Uyum sorunu aşılmalıdır
 
 
 
* Benim için çok açık olan bir nokta var. Genç göçmenlerin uyum konusu, üstesinden gelmemiz gereken merkezi görevlerden biridir. Bunu ne kadar iyi başarabileceğimiz, sadece bu genç insanların yaşam öykülerini değil, aynı zamanda Almanya’nın geleceğe ne kadar hazırlıklı olduğunu da belirleyecektir. 
* Uzun bir süre için uyumun kendiliğinden gerçekleşeceğine pek fazla güvenildi. Bu beklenti yerine gelmedi. Bugün şunu biliyoruz: Uyum, her iki tarafın; hem göçmenlerin, hem onları alan toplumun katkıda bulunmaları gereken bir çabadır. 
* Göçmenlerin kendilerinin etkin bir şekilde bu toplumun bir parçası olmaya, dilini öğrenmeye çaba göstermelerini, toplumumuzun hukuk düzenini özümsemelerini talep ediyoruz. 
* Uyum için çaba göstermek zorunda olmak başlangıçta bazıları için zor olmuştur. Fakat bugün, başlangıçta birer külfet olarak eleştirilen vatandaşlığa geçiş testlerinin ya da dil bilgisi belgelerinin çoktan kabul gördüğünü ve sayısız insana yepyeni fırsatlar açmış olduğunu görüyoruz.
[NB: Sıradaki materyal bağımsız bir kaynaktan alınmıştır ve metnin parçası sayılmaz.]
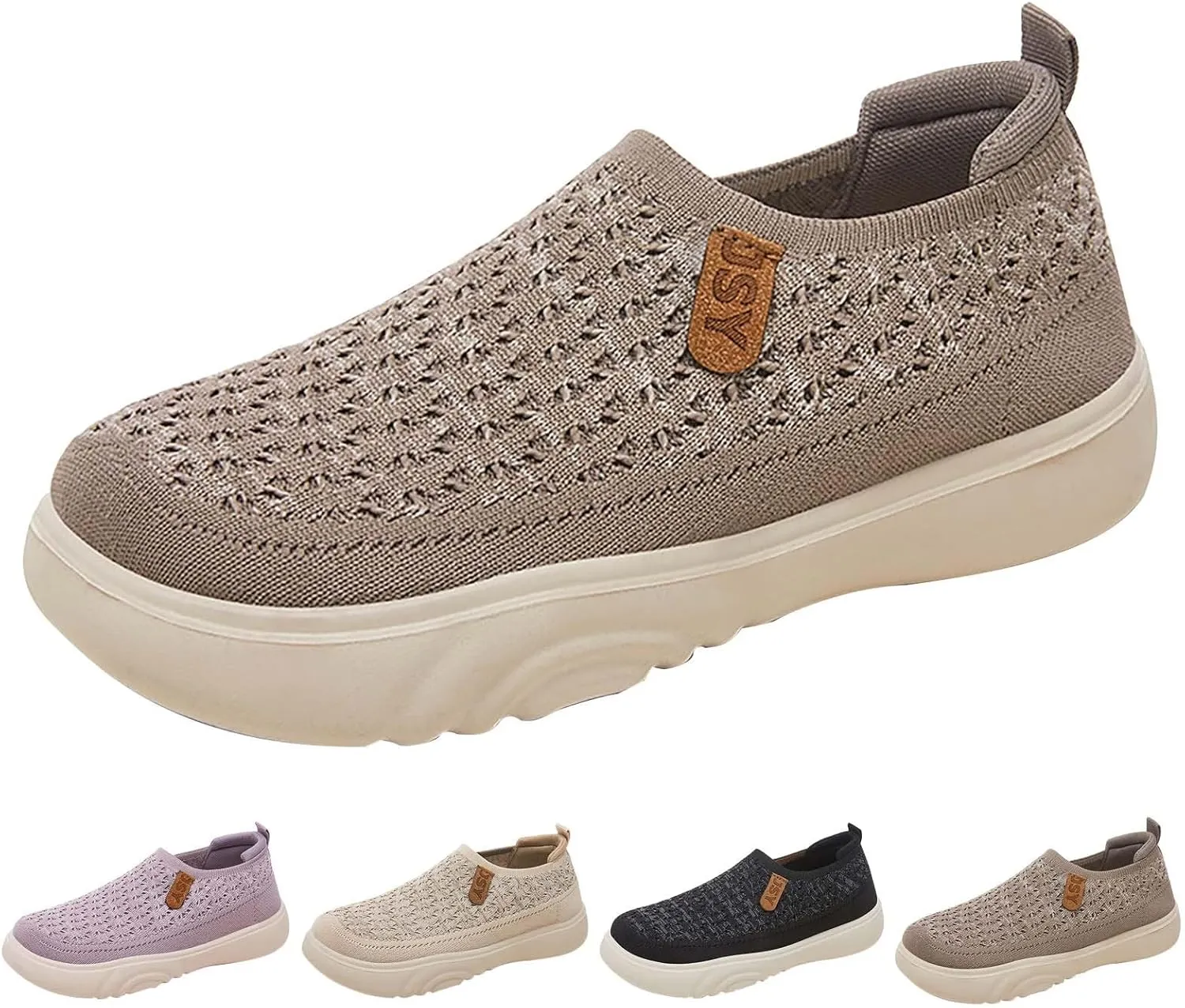 Women's Soft Orthopedic Shoes Breathable Woven Go Walking Slip On Foam Shoes Arch Support Hands Slip in Chunky Wedge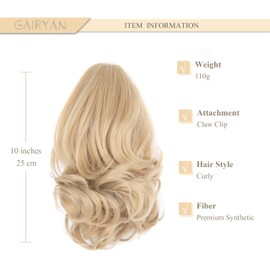 Gairyan 10" Clip in Ponytail Hair Extensions Curly Ponytail Extension Claw on Pony tails Wavy Synthetic Hairpieces for Women Real Natural Short Wave, Ash Blonde mix Bleach Blonde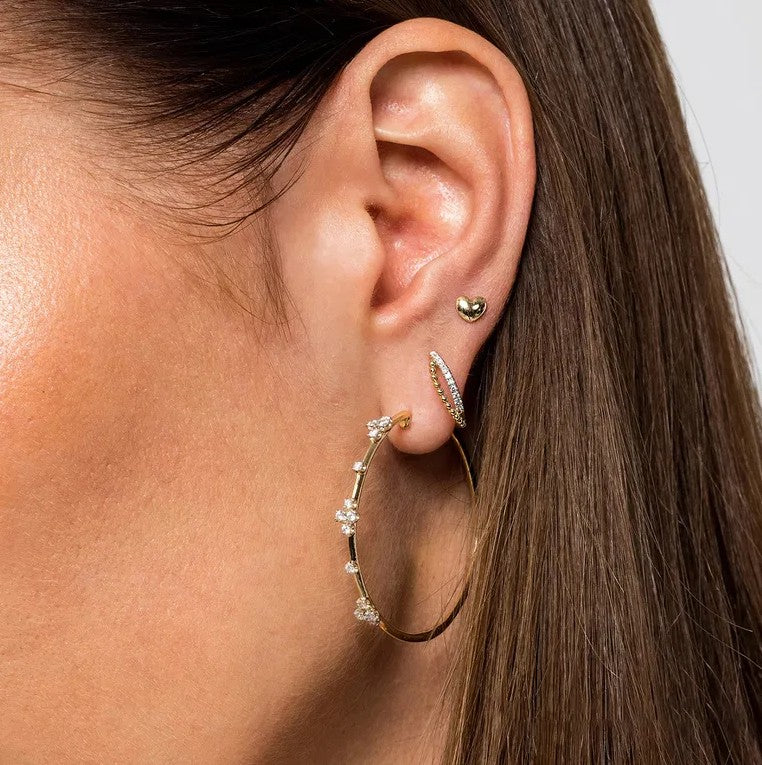 14K Gold Heart Stud Earrings
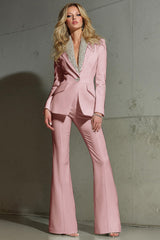 Sparkly 2 Piece White Shawl Lapel Prom Suits with Sequins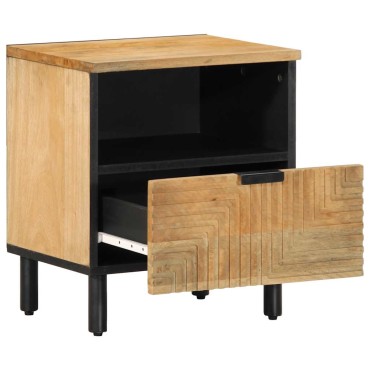 vidaXL Κομοδίνο καφέ 40x33x46cm από μασίφ ξύλο Mango 1 τεμ.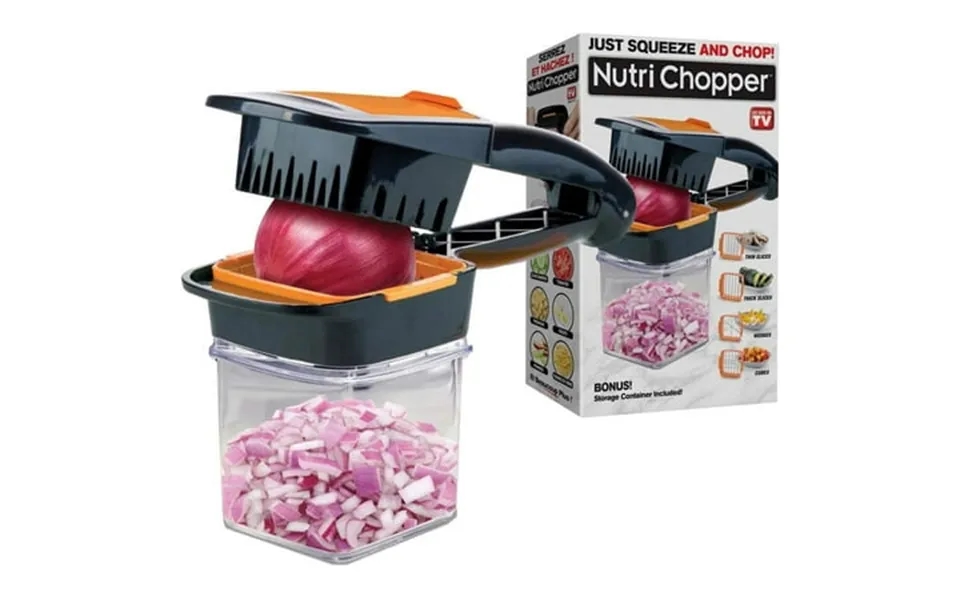 Nutri Chopper Vegetable Slicer That Chops Cubes And Wedges Multi-purpose Food Chopper With Stainless Steel Blades As See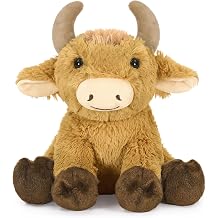 Ditucu Bull Stuffed Animal 8 inch Cute Realistic Cow Plush Toys Ultra Soft Plushies Gifts for Kids Khaki
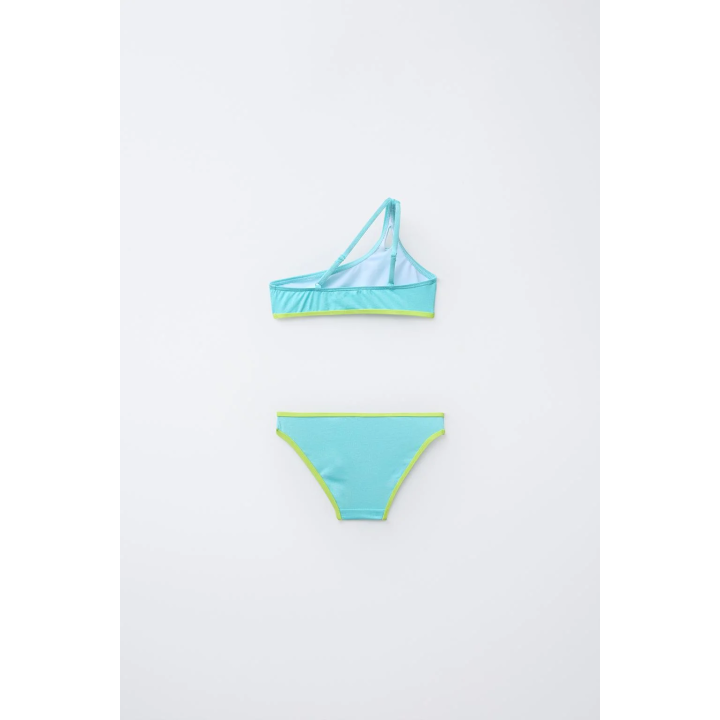 Купальник яркий для девочек 6-14 лет с асимметричным верхом и отделкой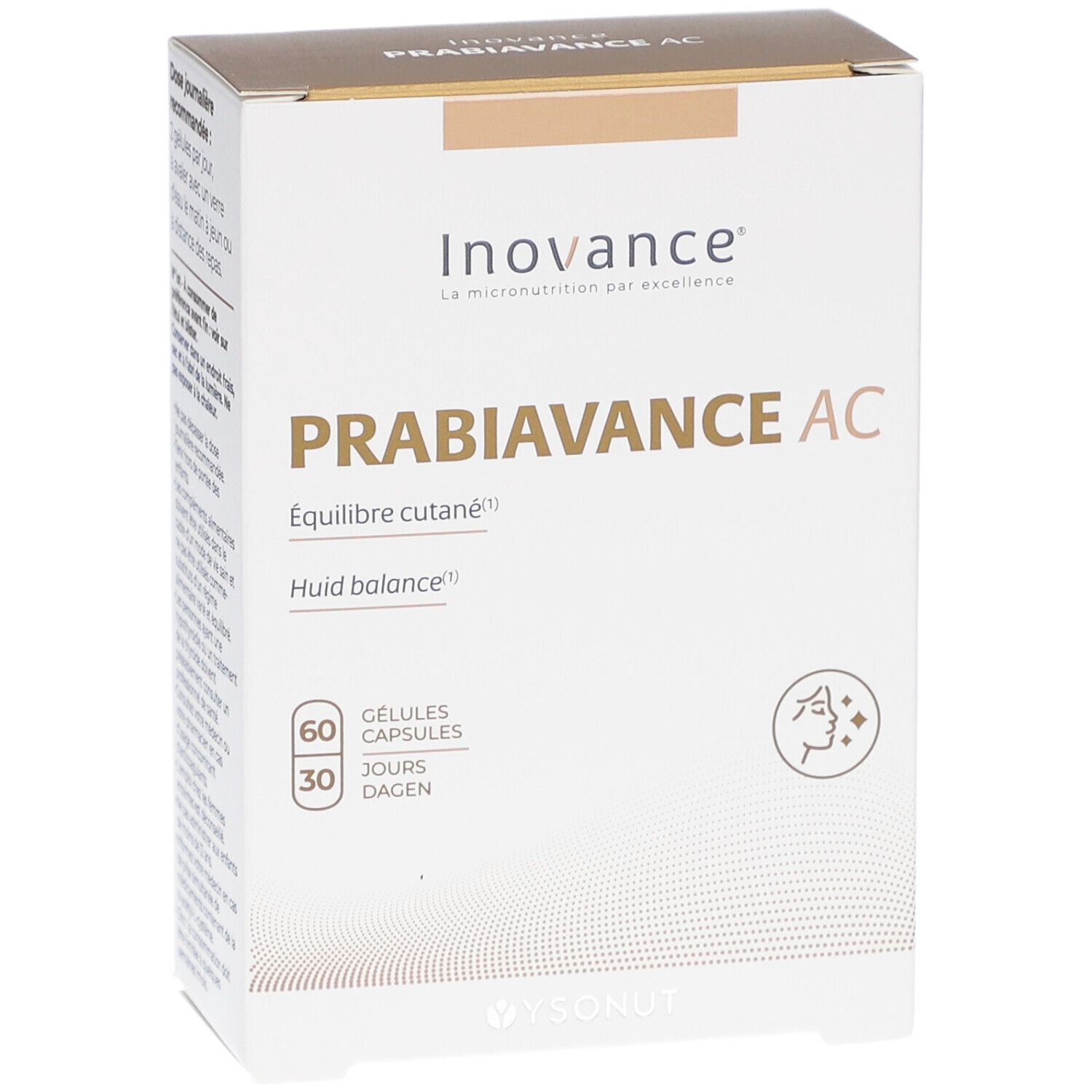 Vue de face de la boîte Inovance PRABIAVANCE AC. Logo, nom du produit et nombre de gélules clairement visibles.
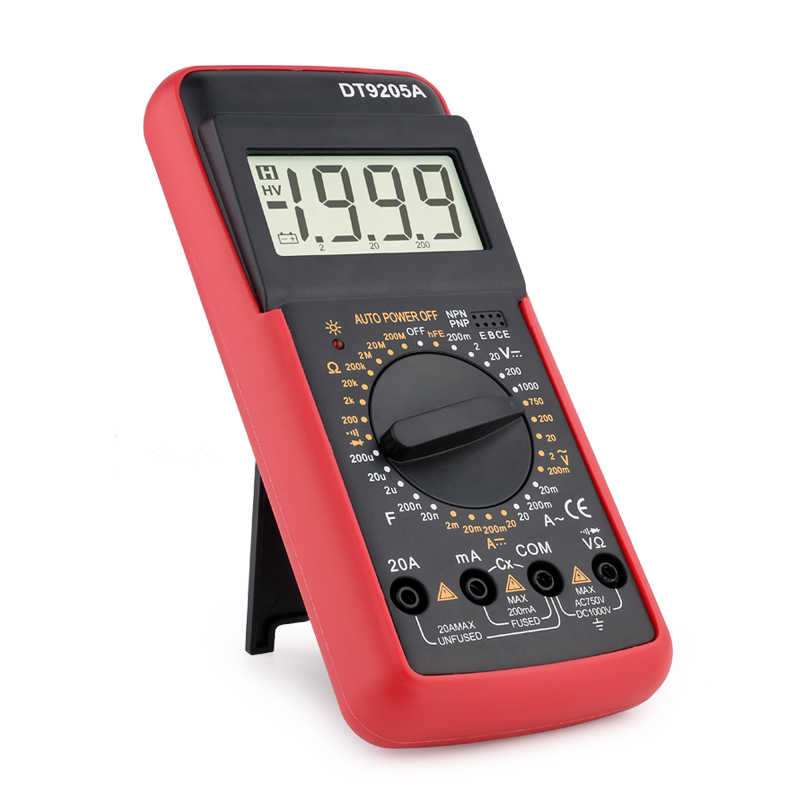 DT9205A DMM Professional Multimeter Digital hFE AC DC Voltage Current 1000V 20A Capacitance Resistance Continuity Diode Tester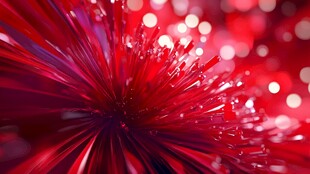 绚丽红芒绽放梦幻光彩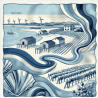 Foulard Bleu Atlantique | Shoru Studio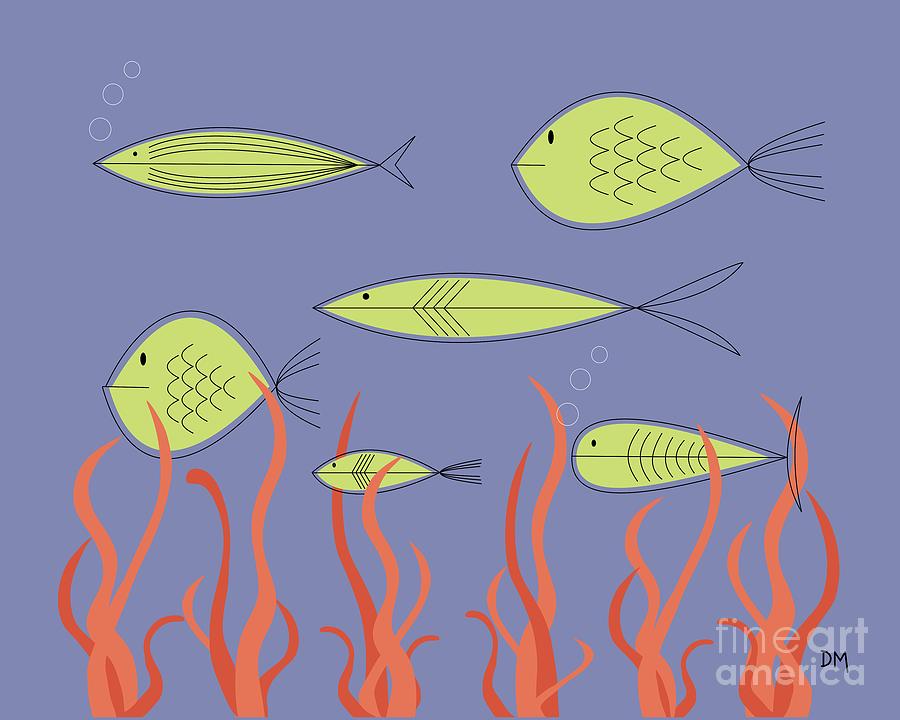 Mid Century Fish Digital Art by Donna Mibus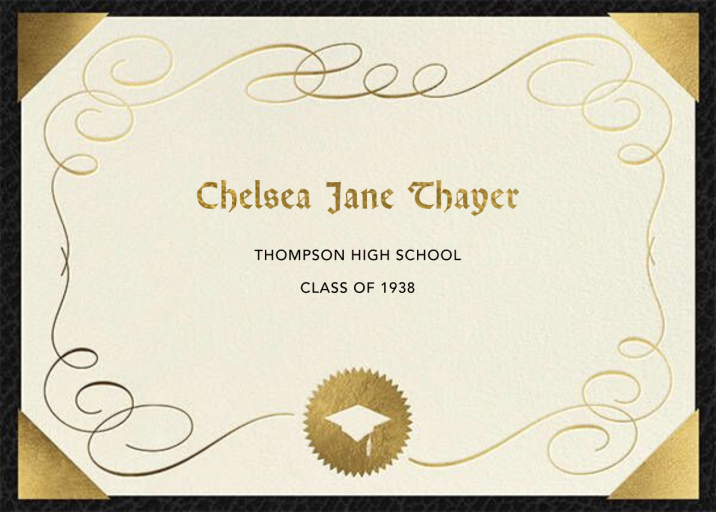 Diploma - Announcement by Paperless Post - Back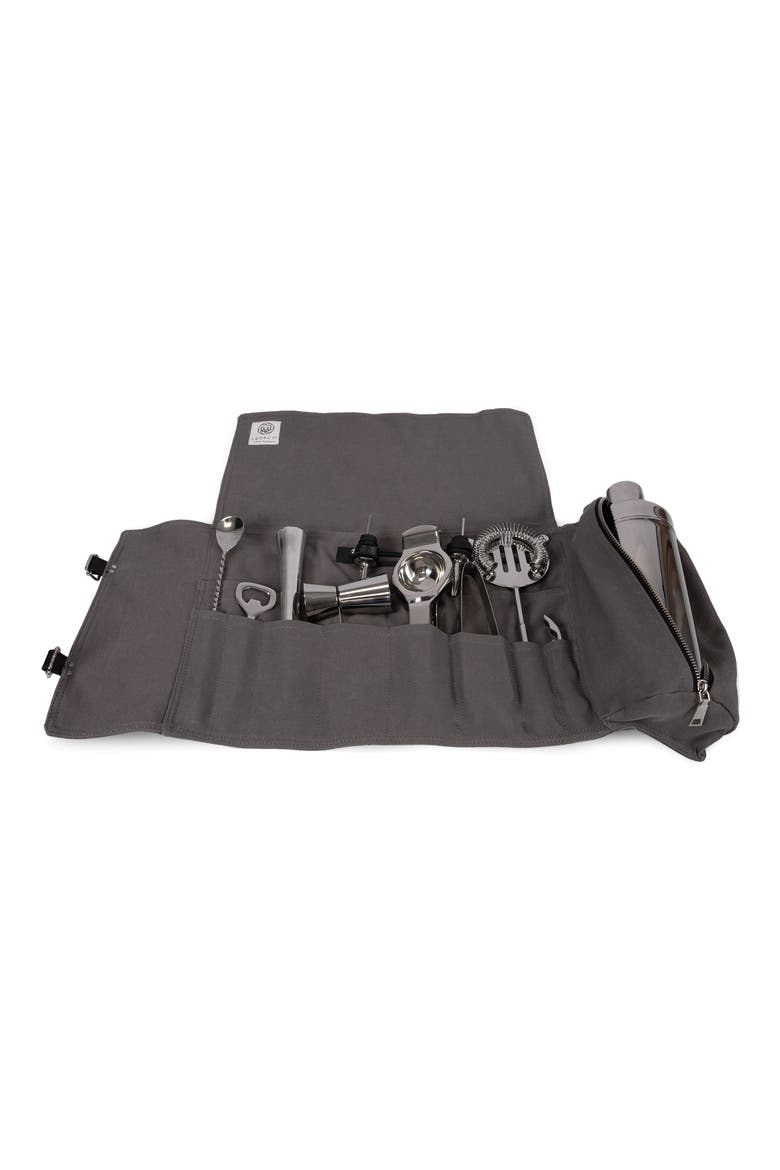 Barkeep Roll Up 12-Piece Bar Tool Set, Alternate, color, GRAY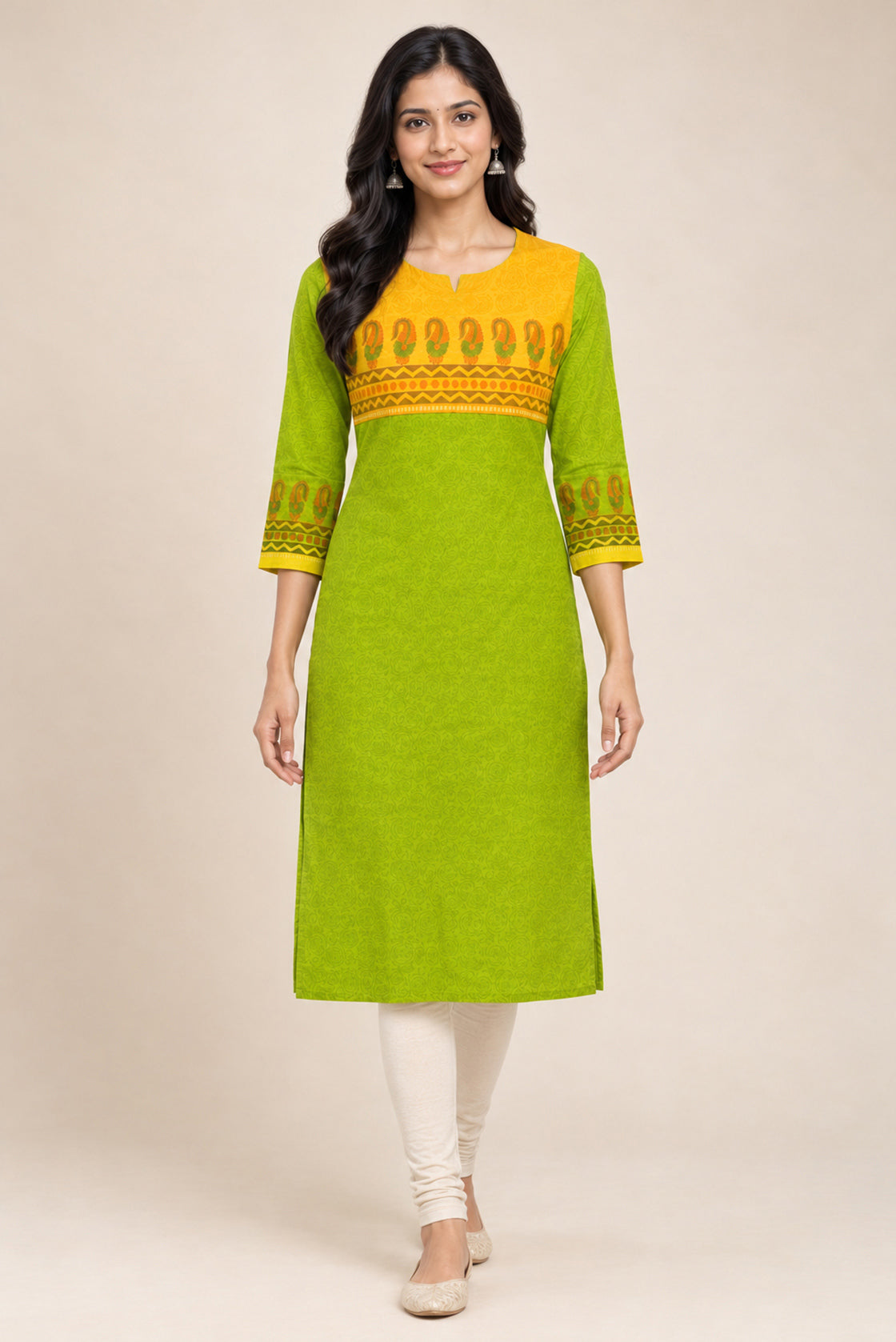 This Parrot Green Cotton Kurta is crafted using Plain Woven detailing, featuring Plain Body design across the silhouette with Round neck front image displayed on an AI model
* Genç göçmenlerin eğitim seviyesinin hiç şüphesiz iyileşmiş olmasına rağmen bu ilerlemelerle henüz yetinemeyiz. Her genç ve her aile şunu bilmelidir: Okul ve meslek diplomaları Almanya’da başarılı bir hayat sürdürebilmenin önemli birer şartıdır.
 
Ayrımcılık yasalarla yasaklanmıştır
 
* Fakat devletin bu alanda (eğitim) yapabilecekleri maalesef sınırlıdır. Sorumluluk halen ilk önce anne babalar ve ailelerdedir. Onlar okul ve eğitime önem vermelidirler; örneğin, mümkün olan en erken aşamada fevkalade bir Almanca öğrenmelerine dikkat edilmelidir. Almancaları kötü olan çocuklar çoğu kez yıllarca okulda geri kalarak bu açığı gidermek için uğraşıp dururlar. 
* Federal hükümet her türlü ayrımcılığa karşıdır. Ayrımcılık yasalarla yasaklanmış olup, bu özellikle eğitim ve meslek alanları için de geçerlidir. Ayrımcılık yasağı Genel Eşit Muamele Yasası ile halkın bilincine daha da güçlü bir şekilde yerleşmiş bulunmaktadır. Mağdurlar artık gerçekten kanıtlanabilir bir ayrımcılık söz konusu olduğunda kendilerini hukuki açıdan daha iyi savunabilirler.